The question that should be asked is “What is the criteria that was used to assess the dropping of wrestling as a varsity sport?” And “We’re all sports evaluated?” The best thing for BU Wrestling to do is take a process driven strategy and ask those questions. If they are not happy with those answers they should take it to the University Ombudsman if there is one. It doesn’t seem reasonable that wrestling would be dropped – it is one of the best sports programs there. Also the real decision makers are the students. It is important to get the UGrad and Grad Student Union involved and lobbying Board and the President. There is little sense lobbying Athletics because they have made their decision and they may not pass on the outpouring of support.
It is not surprising that BU pulled another classless act. FOOTBALL; Baseball; hello! Just get a statue of the best wrestler or coach adams and erect it at the new field hockey facility! That will make Lynch & the liberal BU administrative dogooders feel better. They took Harry Agganis, most known for Football and Baseball, and erected him in front of the Hockey arena in his football uniform. BUs problem is that they have nobody in the administration that is well educated AND played, coached and/or worked in a successful division 1 program that has passion for football, baseball or wrestling; nor consideration for those that have been with BU longer than them. The AD is weak & simply more concerned with maintaining his salary. For what he gets paid there should be more succesful programs. Which did he directly influence? Most leaders find roads to success and not reasons to quit! Lynch is not a leader; not from any succesful program and simply more concerned with boasting about some $23 million project. Homecoming will be very fun watching field Hockey with 100 fans Mike! If you were at any ivy league school or even a school like Colgate you would’ve been gone years ago! Oh by the way, I believe they achieve academic success as well as success in male sports and female sports more so than you could claim. Being an AD is simple, dont worry about finding a road to success understanding how that improves donations and increasing those interested in coming to BU just learn to kiss butt, market some so called success story (in you world) and become the liberal ax-man. The manner in which you handled this issue with the obvious disrespect to Coach Adams is just another example of your character.
Pity for the kids who were looking forward to that program. Wrestling is definitely good for them, it’s beneficial. I’m glad I enrolled my kids in the sport. It’s really helping them build confidence.

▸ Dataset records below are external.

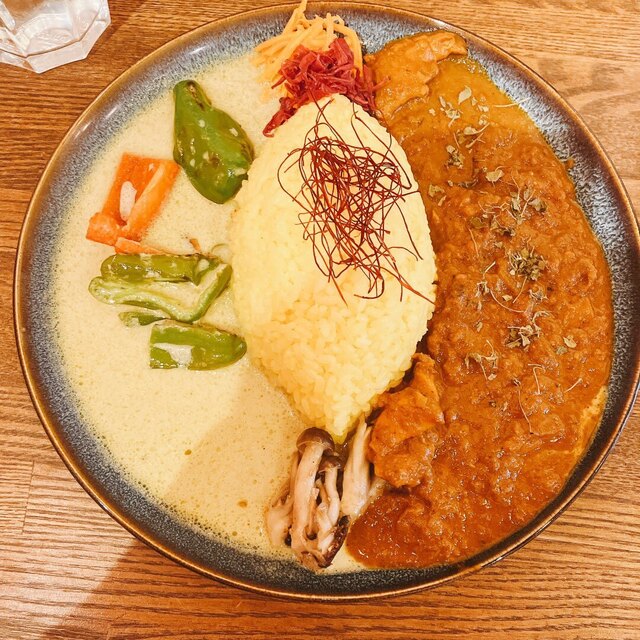 6bottles（シックスボトルズ） - 北仙台（カレー）の写真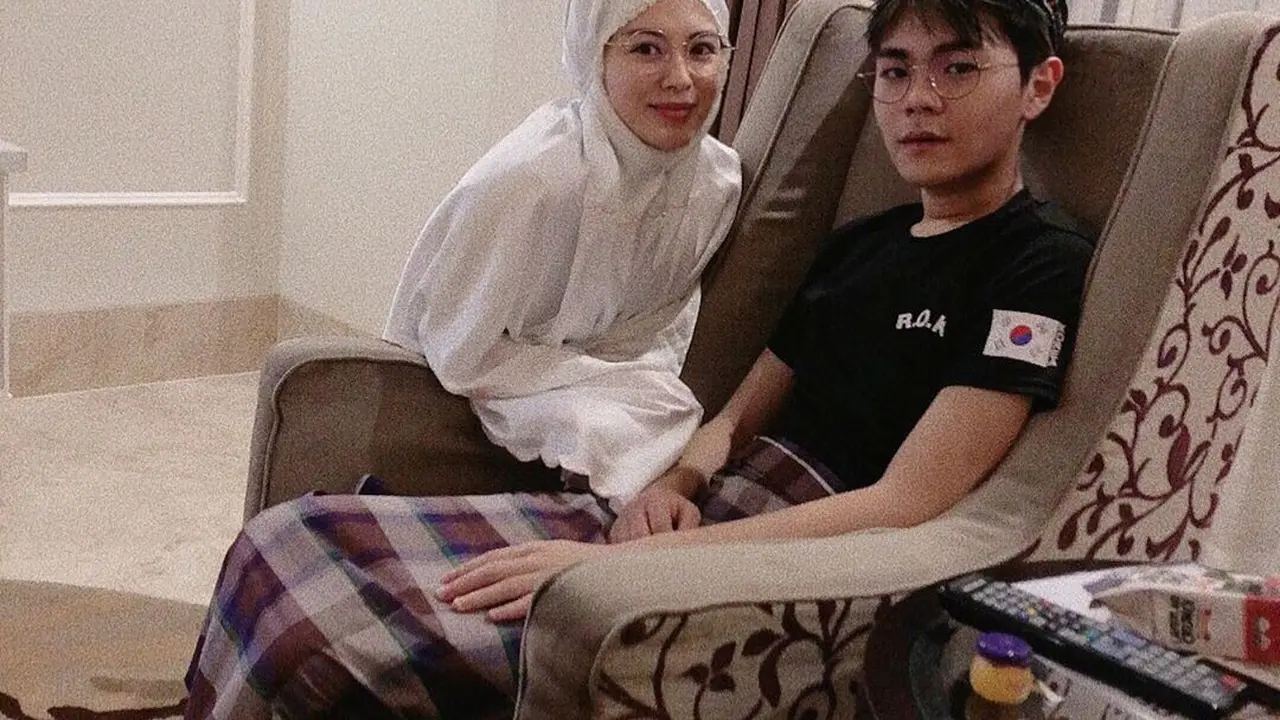 7 Potret Adik Ayana Moon yang Kini Jalani Ramadhan Pertama Usai Mualaf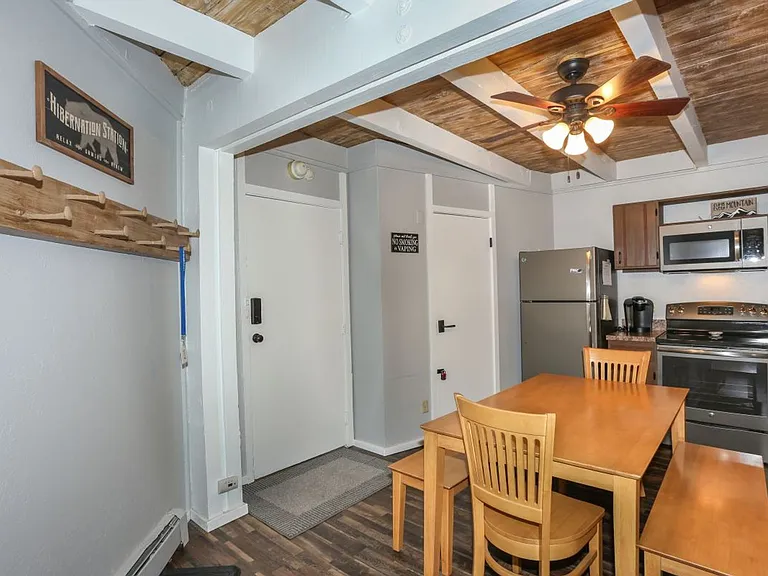 2100 Lodgepole Ct #106-A — Photo 6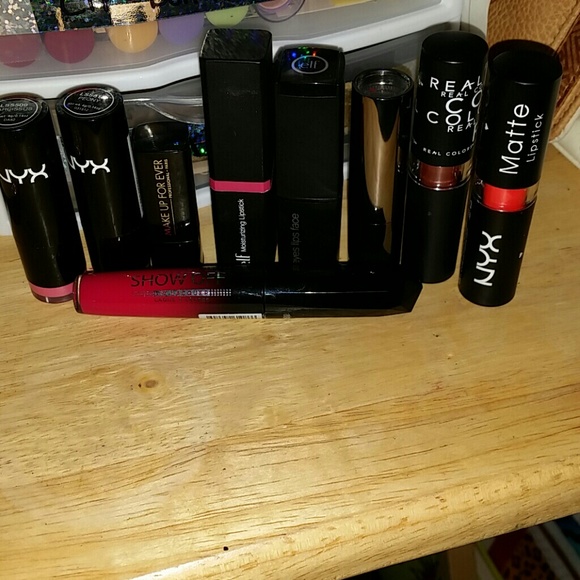 Lipstick bundle!
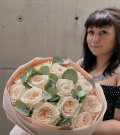 Букет роз «Classic DUO — White O’Hara with Eucalyptus»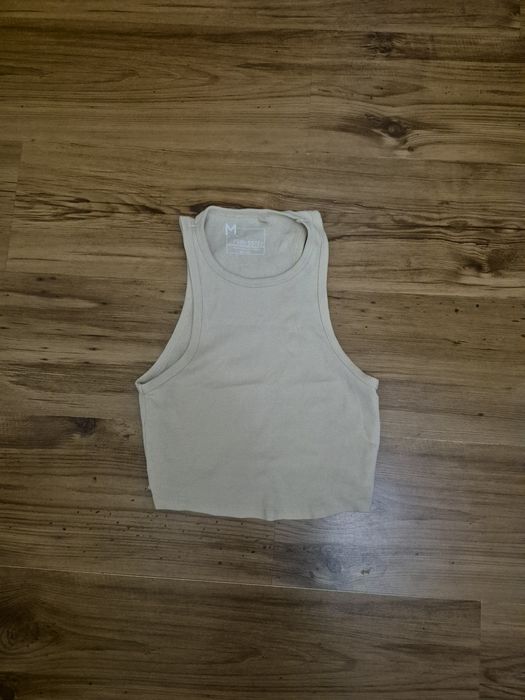 Віддам жіночий одяг. Зріст 178, розмір M- L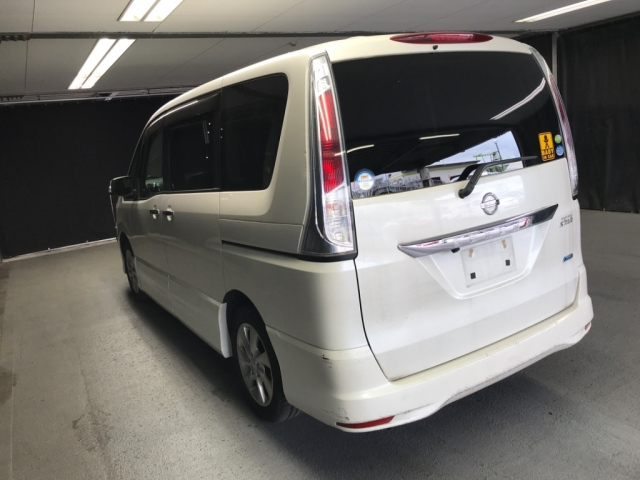 NISSAN SERENA 2011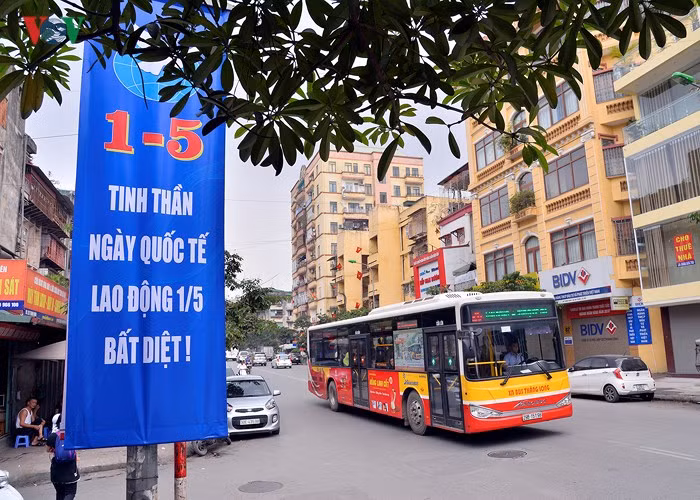 Đó là những người lao động thuộc những nhiều nghề khác nhau, có thể vì cuộc sống mưu sinh nhưng cũng có thể do đặc thù công việc và nhiệm vụ. Trong ảnh, dù là ngày Quốc tế Lao động nhưng những bác tài xế lái xe buýt vẫn rong ruổi trên các cung đường như ngày thường để phục vụ người dân.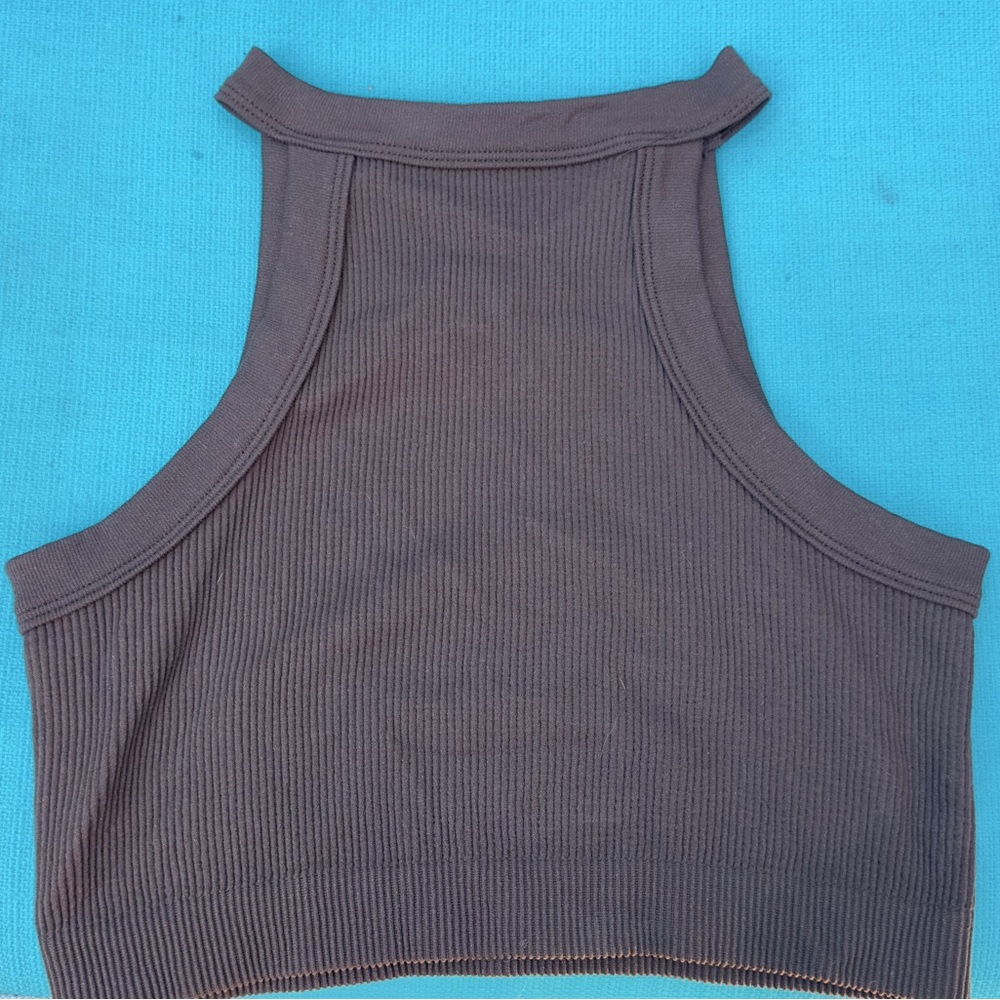 Brown tank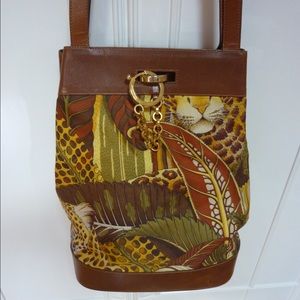 Ferragamo handbag with shoulder straps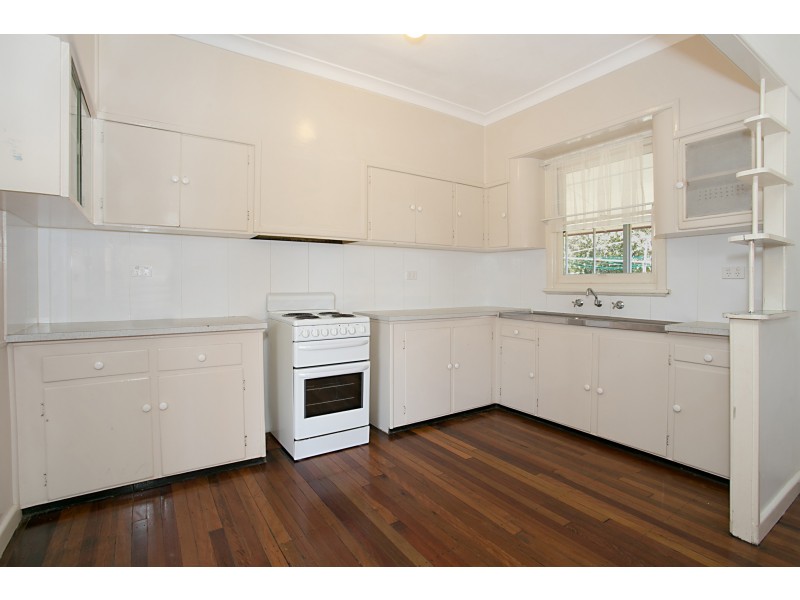 24 Lord Street, Dungog NSW 2420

One of the reasons our educational system is falling into the crapper is because the trend in the last 40 years is to run educational institutions like “a good CEO”. Some value can not be measured in dollars and sense. A student’s experience at any school should be measured in the growth of the individuals attending that institution. I wrestled in school. I wasn’t very good either, but the discipline I learned at those practices and in the matches has stayed with me to this day. I’m a college professor now and one that teaches the arts. Don’t go blaming funding for the arts for this guys short-sightedness. Blame the administrators and CEO types that are ruining our school. The president at my school makes almost a million dollars a year, the provost, 250K and the board of trustees are all millionaires. We expect these people to run our schools like teachers and coaches? They would never work for that kind of money. I expect nothing from this guy than what he’s giving. He doesn’t belong within spitting distance of an institution of higher learning. He’s not interested in education or life experience. He’s interested in money and nothing else.